Matty surpreendeu positivamente, entregando uma performance à altura do vocal original e imprimindo sua própria energia ao repertório. A banda também demonstrou entrosamento impecável, com destaque para o baterista Nathan Young, que apareceu no palco vestindo uma camiseta do Corinthians — detalhe que reforçou a conexão com uma parte da plateia paulistana.
A sonoridade do álbum apresentado lembrou, em muitos momentos, os primeiros trabalhos da Fresno, evidenciando a forte influência que o Anberlin exerceu sobre a cena emo brasileira. Um ponto negativo, porém, foi a iluminação do show: em diversos momentos, os músicos ficaram quase invisíveis, aparecendo apenas como silhuetas no palco — o que prejudicou a experiência visual.

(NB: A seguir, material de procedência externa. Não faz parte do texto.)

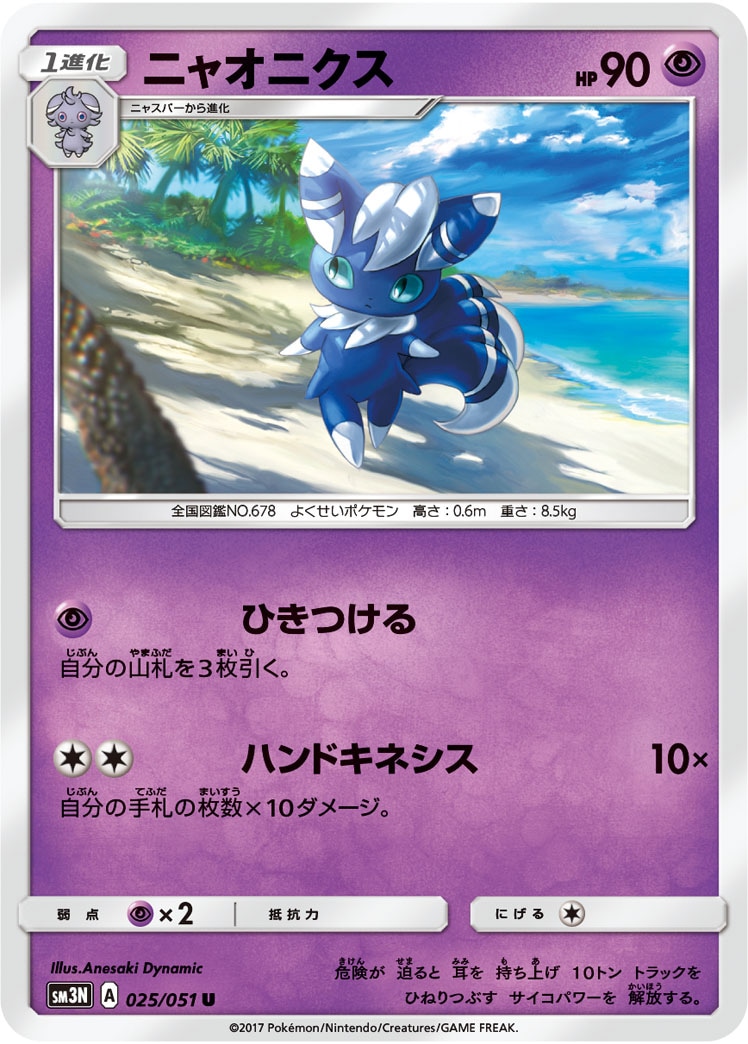 card31969-series61248-rarity65215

Que o Anberlin não demore mais dez anos para retornar ao Brasil. Com uma discografia repleta de hits, ainda há muito que pode (e merece) ser celebrado ao vivo por aqui.

Encerrando o festival com chave de ouro, a Fresno subiu ao palco com um setlist especial, celebrando a fase da carreira que os fãs carinhosamente apelidaram de “Velho Testamento” — os álbuns ‘Quarto dos Livros’, ‘O Rio, A Cidade, A Árvore’ e ‘Ciano’. Embora hoje a banda desfrute de uma carreira consolidada no mainstream, suas raízes estão fincadas no emo underground, e esse show foi um retorno direto à essência.

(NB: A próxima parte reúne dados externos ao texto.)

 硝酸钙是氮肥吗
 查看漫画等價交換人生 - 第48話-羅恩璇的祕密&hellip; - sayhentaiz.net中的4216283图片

O repertório não apresentou os discos na íntegra, mas destacou os principais hits dessa fase marcante: ‘Teu Semblante’, ‘Stonehenge’, ‘Onde Está?’, ‘Duas Lágrimas’, ‘Alguém Que Te Faz Sorrir’ e ‘Quebre as Correntes’ embalaram o público em um momento de pura catarse coletiva. O show contou com um cuidado visual especial, com artes no telão de LED remetendo às capas e estéticas dos álbuns homenageados — um detalhe que somou à carga emocional da apresentação.
Hoje, o som da Fresno se aproxima mais do pop, além de exibir passagens de eletrônico e indie, e os shows da banda costumam acontecer em grandes festivais. Por isso, essa performance teve um sabor especial: foi uma oportunidade rara de reviver como eram os shows da banda durante o auge do emo nacional, nos anos 2000, quando tudo ainda era mais intenso e íntimo.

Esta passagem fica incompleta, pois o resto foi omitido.